Last Friday at Hancock High School, I was watching Ontonagon and Baraga scrimmage at a safe distance behind the defense and making small talk about the storm that had made the field delightfully squishy when I saw that the game on the other end of the field between Houghton and Hancock was ending.
Hancock appeared to be leaving the field, which was no good, because I had to get a team picture. So I walked toward the sideline to flag them down.
Unfortunately for me, the Gladiators broke open a run to the left side as the play quickly cut off my escape to the sidelines.
At this moment, I was faced with what psychologists call a 'fight-or-flight' moment. It was a short one, since they had helmets and pads and I did not. But where to go? I couldn't just stop, for fear that a chasing defender looking the wrong way might mow me down. Cutting through the middle of the play to continue to the sideline was out, too.
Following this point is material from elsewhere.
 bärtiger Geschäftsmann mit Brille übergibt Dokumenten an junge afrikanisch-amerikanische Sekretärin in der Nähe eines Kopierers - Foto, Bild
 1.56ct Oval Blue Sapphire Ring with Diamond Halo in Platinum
By this time, I was running out of options and the pack was closing in, so I ran alongside the ballcarrier for a few paces until the play reached its conclusion in the end zone. My dignity was not left intact, but my femur was, and that's all that counts.
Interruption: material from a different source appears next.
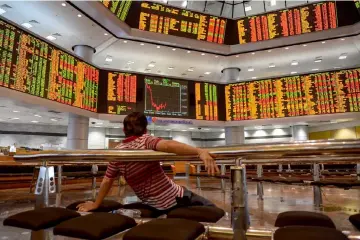  ??  ?? Malaysia’s equity and foreign exchange markets have begun their uptrend, albeit at a slow pace, tracking the positive sentiment, globally, and the trend is likely to continue next week, according to economists. — AFP photo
Turns out it wasn't even the dumbest thing that I?did on Friday. One of these days I?will 'mastor' proofreading, but Friday wasn't one of them.
It looked as ridiculous as it sounded, which was confirmed to me when I talked to Ontonagon coach Dave Linczeski for our Kickoff 2011 edition, which will be in Friday's paper as long as I figure out how to squeeze all that vital information into just 16 pages.
While contemplating the life I had stolen back (and drying out my socks), I couldn't help but think that this episode was a little like football in general.
It's sensory overload, triggered by 22 people. While covering it, that sensory overload can be difficult to overcome, because it's impossible to watch more than a few people at the same time. Some day, I hope to have enough time to understand football better. Until then, I'll stick to the basics - there's more than enough on that front to write a 500-word story on deadline on a Friday night.
I've written quite a bit about my complicated relationship with professional football over the last few months.
With the scandals at USC, Ohio State and Miami (Fla.), I'm not sure that much of a difference exists between major Division I college football and the pros. Heck, as Sports Illustrated pointed out this week, most NFL owners won't buy their players prostitutes. Mike Brown won't even buy the Bengals a real quarterback. But at "The U," hookers were apparently "A-OK."
No such disconnect exists for me in high school football. I still know the words of my high school fight song, "Hail to the Varsity," mostly because we got a lot of practice playing it in the band when Danny Mettlach was the Gwinn High School quarterback.
When the scores come flying in on Friday night, I still ask if Gwinn's game is in yet.
I like guys shouting at each other on the sidelines to get their teammates up. I don't understand it, but it's passion, and passion is why I got into this business.
It all kicks off for 2011 on Friday night. Whether your team is home or away, 9-0 or 0-9, enjoy the season. It's so underrated, especially compared to what you see on TV Saturday, Sunday and Monday.
Now, if you'll excuse me, I need to raise some money to convince my friends in Ontonagon to keep a certain video off YouTube.